Problem description » Once you find the line with "Pink Mulmul Cotton Saree" in the data that follows, repeat it and every line after it exactly, through the line with "Japanese Cat - Black".

Short text fragments from websites
########################################
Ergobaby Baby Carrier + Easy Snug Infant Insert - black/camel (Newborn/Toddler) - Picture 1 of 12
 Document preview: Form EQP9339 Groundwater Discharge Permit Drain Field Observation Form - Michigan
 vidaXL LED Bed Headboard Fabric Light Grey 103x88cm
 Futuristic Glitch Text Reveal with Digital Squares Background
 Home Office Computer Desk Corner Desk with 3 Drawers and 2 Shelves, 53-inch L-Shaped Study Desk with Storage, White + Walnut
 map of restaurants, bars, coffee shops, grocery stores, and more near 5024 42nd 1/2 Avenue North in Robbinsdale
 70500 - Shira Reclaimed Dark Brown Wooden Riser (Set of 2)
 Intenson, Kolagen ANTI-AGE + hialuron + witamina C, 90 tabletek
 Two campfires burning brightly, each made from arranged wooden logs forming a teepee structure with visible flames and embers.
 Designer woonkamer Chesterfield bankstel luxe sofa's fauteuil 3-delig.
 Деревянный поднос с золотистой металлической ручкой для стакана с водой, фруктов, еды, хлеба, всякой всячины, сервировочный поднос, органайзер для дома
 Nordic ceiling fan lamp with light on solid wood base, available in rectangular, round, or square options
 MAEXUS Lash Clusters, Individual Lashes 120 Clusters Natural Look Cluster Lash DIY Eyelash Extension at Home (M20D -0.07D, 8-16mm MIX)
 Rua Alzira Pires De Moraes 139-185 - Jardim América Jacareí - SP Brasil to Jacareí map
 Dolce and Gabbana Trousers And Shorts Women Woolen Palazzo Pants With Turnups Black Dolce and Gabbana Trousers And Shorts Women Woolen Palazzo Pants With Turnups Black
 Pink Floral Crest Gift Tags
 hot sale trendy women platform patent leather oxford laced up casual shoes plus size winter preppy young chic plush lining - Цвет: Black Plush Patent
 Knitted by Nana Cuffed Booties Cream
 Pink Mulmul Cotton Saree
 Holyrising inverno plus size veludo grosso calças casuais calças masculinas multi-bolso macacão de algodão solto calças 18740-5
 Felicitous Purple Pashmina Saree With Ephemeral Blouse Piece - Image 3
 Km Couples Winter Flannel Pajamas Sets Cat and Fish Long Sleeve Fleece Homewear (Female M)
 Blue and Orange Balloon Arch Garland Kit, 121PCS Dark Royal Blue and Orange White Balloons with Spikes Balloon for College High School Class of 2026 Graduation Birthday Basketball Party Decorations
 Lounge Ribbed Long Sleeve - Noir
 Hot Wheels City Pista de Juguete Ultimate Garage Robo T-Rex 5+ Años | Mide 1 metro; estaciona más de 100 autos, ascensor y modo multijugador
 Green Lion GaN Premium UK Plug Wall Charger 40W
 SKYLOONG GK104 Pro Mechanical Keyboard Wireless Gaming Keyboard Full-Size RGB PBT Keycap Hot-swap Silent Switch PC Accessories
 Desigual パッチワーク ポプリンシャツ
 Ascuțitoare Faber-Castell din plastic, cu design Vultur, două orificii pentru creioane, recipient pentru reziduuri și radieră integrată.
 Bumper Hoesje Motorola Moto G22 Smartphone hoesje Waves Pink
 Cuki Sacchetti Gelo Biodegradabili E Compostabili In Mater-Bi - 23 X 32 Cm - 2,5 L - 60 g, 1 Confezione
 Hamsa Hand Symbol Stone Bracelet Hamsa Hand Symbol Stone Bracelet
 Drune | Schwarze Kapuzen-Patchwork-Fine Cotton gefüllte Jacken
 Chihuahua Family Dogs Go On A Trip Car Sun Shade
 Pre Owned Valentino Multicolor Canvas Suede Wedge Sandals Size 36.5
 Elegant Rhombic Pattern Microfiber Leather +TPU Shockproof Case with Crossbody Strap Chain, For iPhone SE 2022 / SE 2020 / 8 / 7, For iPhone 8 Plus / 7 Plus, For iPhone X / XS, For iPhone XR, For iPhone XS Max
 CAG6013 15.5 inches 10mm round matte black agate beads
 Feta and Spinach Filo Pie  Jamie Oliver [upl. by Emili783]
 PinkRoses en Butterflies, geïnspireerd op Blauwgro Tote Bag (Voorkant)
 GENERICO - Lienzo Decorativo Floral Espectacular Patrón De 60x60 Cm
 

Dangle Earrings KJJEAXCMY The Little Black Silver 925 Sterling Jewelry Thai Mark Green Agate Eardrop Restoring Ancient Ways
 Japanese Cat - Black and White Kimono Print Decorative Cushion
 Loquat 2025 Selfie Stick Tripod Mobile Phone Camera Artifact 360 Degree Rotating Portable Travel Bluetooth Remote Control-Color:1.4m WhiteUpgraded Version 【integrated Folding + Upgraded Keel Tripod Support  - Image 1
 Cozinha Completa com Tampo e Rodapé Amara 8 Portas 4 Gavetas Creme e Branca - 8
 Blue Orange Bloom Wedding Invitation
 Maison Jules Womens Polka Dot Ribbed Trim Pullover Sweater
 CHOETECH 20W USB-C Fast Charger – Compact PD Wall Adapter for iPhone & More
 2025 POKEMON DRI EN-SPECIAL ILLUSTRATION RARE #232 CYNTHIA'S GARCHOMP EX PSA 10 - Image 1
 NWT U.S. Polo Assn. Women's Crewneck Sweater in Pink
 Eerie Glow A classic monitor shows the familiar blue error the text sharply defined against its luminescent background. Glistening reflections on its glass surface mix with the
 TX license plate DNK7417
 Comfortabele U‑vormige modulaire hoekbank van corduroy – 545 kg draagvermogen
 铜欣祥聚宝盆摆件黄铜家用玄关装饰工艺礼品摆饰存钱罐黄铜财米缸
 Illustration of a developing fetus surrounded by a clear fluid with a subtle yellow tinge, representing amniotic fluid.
########################################
Answer section »
 Pink Mulmul Cotton Saree
 Holyrising inverno plus size veludo grosso calças casuais calças masculinas multi-bolso macacão de algodão solto calças 18740-5
 Felicitous Purple Pashmina Saree With Ephemeral Blouse Piece - Image 3
 Km Couples Winter Flannel Pajamas Sets Cat and Fish Long Sleeve Fleece Homewear (Female M)
 Blue and Orange Balloon Arch Garland Kit, 121PCS Dark Royal Blue and Orange White Balloons with Spikes Balloon for College High School Class of 2026 Graduation Birthday Basketball Party Decorations
 Lounge Ribbed Long Sleeve - Noir
 Hot Wheels City Pista de Juguete Ultimate Garage Robo T-Rex 5+ Años | Mide 1 metro; estaciona más de 100 autos, ascensor y modo multijugador
 Green Lion GaN Premium UK Plug Wall Charger 40W
 SKYLOONG GK104 Pro Mechanical Keyboard Wireless Gaming Keyboard Full-Size RGB PBT Keycap Hot-swap Silent Switch PC Accessories
 Desigual パッチワーク ポプリンシャツ
 Ascuțitoare Faber-Castell din plastic, cu design Vultur, două orificii pentru creioane, recipient pentru reziduuri și radieră integrată.
 Bumper Hoesje Motorola Moto G22 Smartphone hoesje Waves Pink
 Cuki Sacchetti Gelo Biodegradabili E Compostabili In Mater-Bi - 23 X 32 Cm - 2,5 L - 60 g, 1 Confezione
 Hamsa Hand Symbol Stone Bracelet Hamsa Hand Symbol Stone Bracelet
 Drune | Schwarze Kapuzen-Patchwork-Fine Cotton gefüllte Jacken
 Chihuahua Family Dogs Go On A Trip Car Sun Shade
 Pre Owned Valentino Multicolor Canvas Suede Wedge Sandals Size 36.5
 Elegant Rhombic Pattern Microfiber Leather +TPU Shockproof Case with Crossbody Strap Chain, For iPhone SE 2022 / SE 2020 / 8 / 7, For iPhone 8 Plus / 7 Plus, For iPhone X / XS, For iPhone XR, For iPhone XS Max
 CAG6013 15.5 inches 10mm round matte black agate beads
 Feta and Spinach Filo Pie  Jamie Oliver [upl. by Emili783]
 PinkRoses en Butterflies, geïnspireerd op Blauwgro Tote Bag (Voorkant)
 GENERICO - Lienzo Decorativo Floral Espectacular Patrón De 60x60 Cm
 

Dangle Earrings KJJEAXCMY The Little Black Silver 925 Sterling Jewelry Thai Mark Green Agate Eardrop Restoring Ancient Ways
 Japanese Cat - Black and White Kimono Print Decorative Cushion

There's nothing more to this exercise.